MindMeld Report Clears Confusion about Approaches to Intelligent Assistance

[Editor’s Note: Each of the tools discussed below are examples of the various approaches that fit into the Bot Platform category in the just-released “Decision Makers’ Guide to Enterprise Intelligent Assistants.” In addition, conversational AI for customer care is an integral theme at the upcoming Intelligent Assistants Conference London, May 4-5.]

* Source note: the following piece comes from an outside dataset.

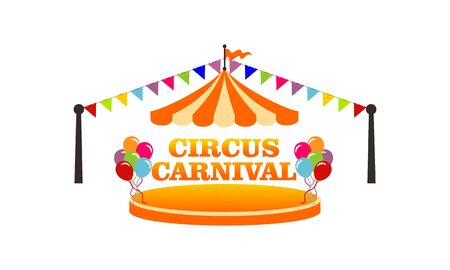 Carnival circus sign fun amusement performance logo vectorのイラスト素材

MindMeld, a long-time specialist in natural language understanding and conversational interfaces, has published a Conversational AI Playbook with insights on how to construct conversational apps. The playbook defines four distinctly different technical approaches for building apps that utilize a conversational UI.

  • Rule-based Platforms
  • Cloud NLP Services
  • Machine Learning Toolkits
  • Conversational AI Platforms

This categorization is useful. The playbook gives a brief description of each approach, drawing distinctions between the various techniques, including their strengths and weaknesses.

Rule-based Platforms
Rule-based approaches are the oldest, having been in place since before the advent of machine learning. According to the playbook, the advantages of rule-based approaches are that they provide the quickest method for getting a conversational UI up and running. Developers script logic that identifies incoming messages and routes these according to rules. A common approach is to identify keywords and retrieve the best response based on pattern matching. The downside of rule-based approaches is that they require massive amounts of scripting and are only suitable for handling very narrowly defined interactions. Rule-based approaches typically can’t learn from new data or automatically update themselves to handle interactions that aren’t already scripted.

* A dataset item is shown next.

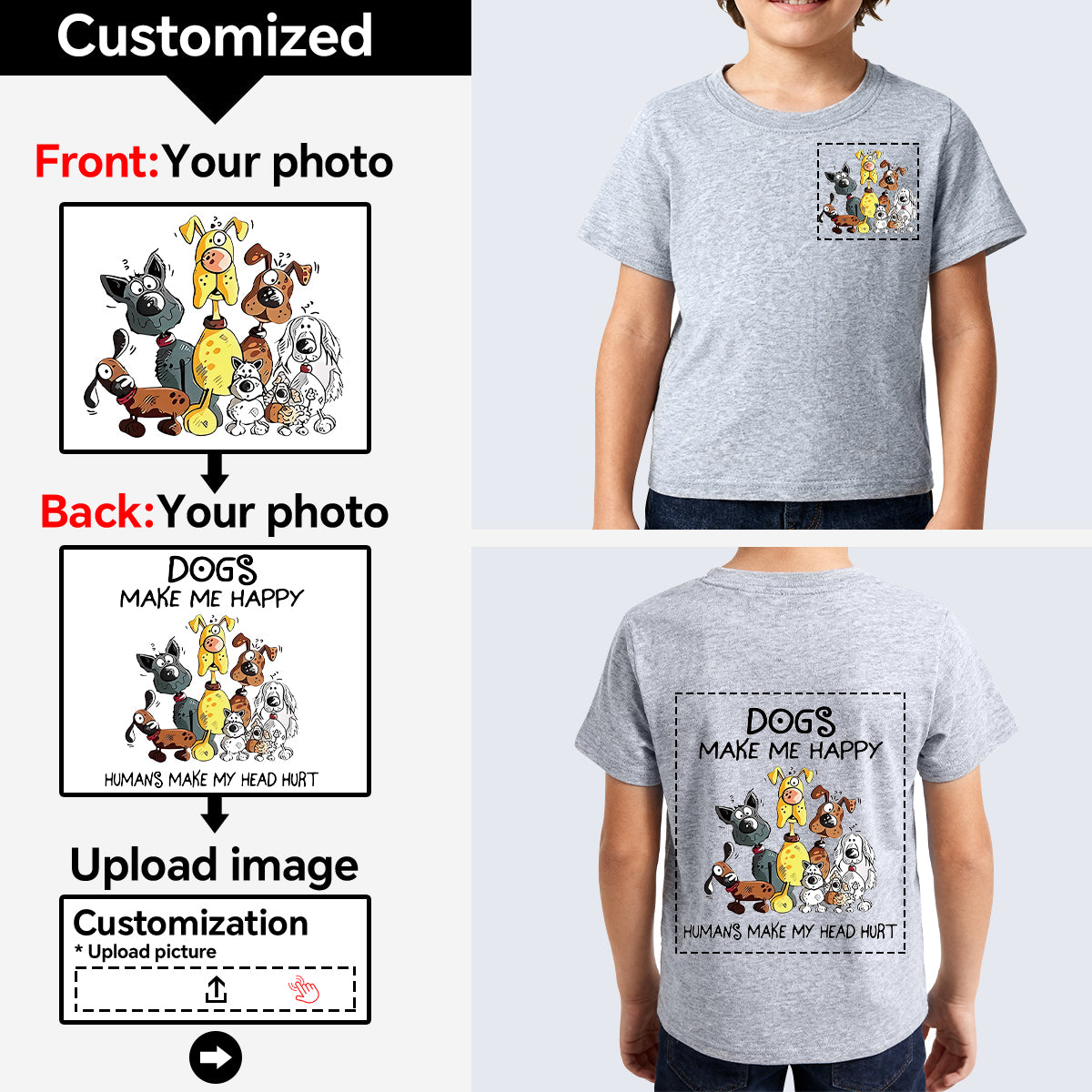 Boys' T-shirts are customized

Botkit by Howdy and Microsoft Bot Framework are cited as examples of rule-based frameworks.

Cloud NLP Services
Cloud NLP services don’t require developers to have training in machine learning, but they offer some of the advantages machine learning affords. The playbook notes that most cloud NLP services offer pre-trained machine learning models for the most commonly used consumer domains, such as weather, music, and travel. Developers can piggyback on this training, while also leveraging intent recognition and entity classification services. For developers building apps in common consumer domains, cloud NLP services can be a quick way to get an app deployed that is far less brittle than an app relying on a rule-based approach. The downside is that by using a cloud NLP service, a company is providing its training data to the cloud service. Another negative is that for developers and companies building apps that fall outside the service’s pre-trained domains, the service doesn’t offer much of a leg up.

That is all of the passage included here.